General Insurance Article - 320m European motor insurance policies up for grabs by 2020

Analysis by Deloitte, the business advisory firm, indicates millions of European motor insurance customers are now more willing to switch provider than they were in the past. A YouGov survey for Deloitte of 8,688 motor insurance customers across eight European countries found that up to 320 million* policies could switch by 2020.

 Whilst half (49%) of policyholders across Europe have been with the same motor insurer for the last three years or more, shifts in behaviour could see this fall by about one-third to 32% in the next five years. In the UK, 14 million private car policies – roughly half of the UK market – could change provider each year during this time. From now until 2020, Deloitte’s analysis suggests between 60 to 67 million* European policies could be swapped each year.
 Deloitte’s findings suggest the European motor insurance market is heading towards a less stable environment where customer behaviours will be more volatile and regulation is shifting how products are priced and sold.
 Alex Poracchia, insurance partner at Deloitte, said:
 “Motor insurance is at a tipping point, despite being the biggest selling general insurance product in Europe. Demand for new cars is back, with 2014 the first year since the financial crisis to see an increase in private car sales across Europe. Sales grew by 5.4%, compared with an average annual fall of 3.8% in the previous years since 2007**. Even though we’re in a better economic state, there is still pressure on households’ disposable income. This means that customers are looking for new and better products, particularly through price comparison websites, that offer greater value for money.”
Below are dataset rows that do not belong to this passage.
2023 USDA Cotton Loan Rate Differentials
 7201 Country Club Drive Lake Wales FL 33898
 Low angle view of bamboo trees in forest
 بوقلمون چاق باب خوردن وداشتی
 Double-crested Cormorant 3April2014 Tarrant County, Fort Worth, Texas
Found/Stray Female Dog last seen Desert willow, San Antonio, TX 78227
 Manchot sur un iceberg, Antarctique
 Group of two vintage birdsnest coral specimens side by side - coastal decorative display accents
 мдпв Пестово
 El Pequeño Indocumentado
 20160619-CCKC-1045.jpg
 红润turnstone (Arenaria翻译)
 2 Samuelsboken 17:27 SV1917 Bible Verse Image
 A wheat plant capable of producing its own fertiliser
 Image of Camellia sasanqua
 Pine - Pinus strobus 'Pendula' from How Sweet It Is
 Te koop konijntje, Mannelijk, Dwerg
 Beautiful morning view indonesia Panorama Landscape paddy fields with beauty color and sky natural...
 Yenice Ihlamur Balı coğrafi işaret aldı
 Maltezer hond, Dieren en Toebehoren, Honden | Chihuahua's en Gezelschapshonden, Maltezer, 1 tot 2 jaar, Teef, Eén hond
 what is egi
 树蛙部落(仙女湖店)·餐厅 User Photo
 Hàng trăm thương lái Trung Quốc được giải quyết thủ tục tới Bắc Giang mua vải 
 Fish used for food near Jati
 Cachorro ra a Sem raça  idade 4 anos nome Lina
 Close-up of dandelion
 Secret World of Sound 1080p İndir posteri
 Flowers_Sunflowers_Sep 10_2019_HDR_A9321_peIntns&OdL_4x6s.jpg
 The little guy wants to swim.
 Deloitte’s research shows cultural differences affect how motorists buy their insurance. In the UK and Ireland, for example, more than half of drivers research insurance policies online, and price remains the most quoted reason for switching. By comparison, drivers in Italy, Poland and Spain are most influenced by the recommendations of friends and family.
 Poracchia commented: “Price is still a critical factor. However, since most insurers are able to offer competitive policies, the real challenge is to understand what matters next to customers after price. Understanding cultural differences is going to be key for insurers, as we see interesting trends between countries. For example, despite being digitally savvy, one-third of customers in the UK and Ireland buy their policy on the phone directly from their insurers. In comparison, more than half of customers in the other six countries purchase their policies face-to-face, and the remainder are split between online buying and phone calls to insurers and intermediaries. Based on this, it’s easy to see how an insurer’s interaction can influence a customer to stay or not. The quality of service and experience, as well as tailoring, is going to be more important for customers in future.
 “The winners will be the insurers that demonstrate agility in customer experience, and provide them with personalised solutions rather than products. There is no ‘one size fits all’ and insurers should tailor their approach to maximise the impact on loyal customers they are looking to attract and retain. This approach will be especially important as insurers respond to the increased regulatory focus on customer protection, rights to transparency, freedom of choice at the point of sale, and compensation to claimants. These will all put pressure on insurance premiums, which will make it even more important for insurers to have a customer-centric approach to their business strategy in order to move away from a pure price play.”